Work starting on Justice Center additions

Published 12:00 am Wednesday, December 2, 2009

By Jessie Burchette
Salisbury Post
As work starts to add courtrooms and more jail space at the Rowan County Justice Center, the county is looking for a site for a new 96-bed jail facility.
Construction crews from Greensboro-based H.M. Kern Corp. have taken over a gravel parking lot at the corner of Church and Liberty streets. The lot will serve as a staging area for equipment and materials for the $4 million project.
Workmen have erected scaffolding on both the Liberty and Church sides of the Justice Center. Panels on the third floor will be removed to allow materials to be lifted by crane to work areas.
Ken Deal, county director of administration, said the project will cause greater congestion around the Justice Center as streets will have to be blocked periodically to lift the materials to the third floor.
The county is also working to secure additional parking for displaced law enforcement and others who use the corner lot.
The first part of the project will be installation of a “Muffin Monster,” a large shredder used in sewer lines to prevent clogs.
Deals said one of the problems associated with the overcrowded jail is that the inmates throw everything they can find into the commodes to clog the lines.
The $250,000 shredder device will go into an underground vault adjacent to the Justice Center.
The other phases of the project include building two courtrooms and related facilities on the third floor of the section above the Sheriff’s Office, the building known as the Rufty Building.
And a 48-bed section will be added in an unfinished area of the jail.
Deal and other county officials, including county commissioners, are looking for possible sites for a minimum-security, dormitory-style jail.
Under pressure from the state to relieve jail overcrowding, commissioners are considering quick action.
The focus is on a relatively low-cost jail of primarily metal construction that is expected to cost around $4 million. It includes a fenced outdoor exercise area.
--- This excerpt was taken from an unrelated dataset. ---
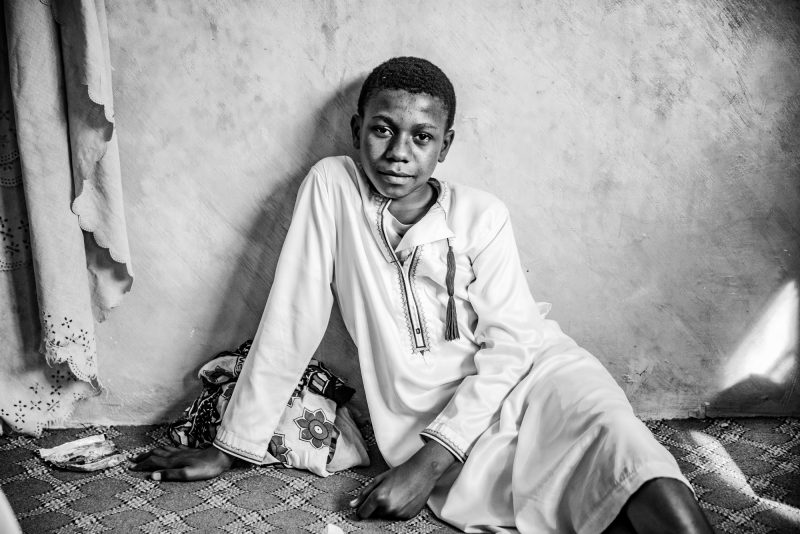 Boy from an orphanage in Stone Town, Zanzibar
Ware Bonsall Architects, the firm doing the Justice Center projects, designed the 96-bed facility originally for Cabarrus County. The plans went through the approval process and are ready for construction.
Cabarrus opted to go with a larger jail downtown.
Deal said the county has land that would serve for the new jail, but officials are looking at all options, including finding sites that could serve as the location for a much larger jail-emergency services complex in the future.
While officials have indicated they would prefer to build such a complex outside the city of Salisbury, county officials are looking at sites both inside and outside the city.
Deal said the new building could continue to be used, possibly as a processing center for inmates on the same site where a new jail would be built in the future.
Commissioners are likely to consider the jail project during the upcoming budget discussions.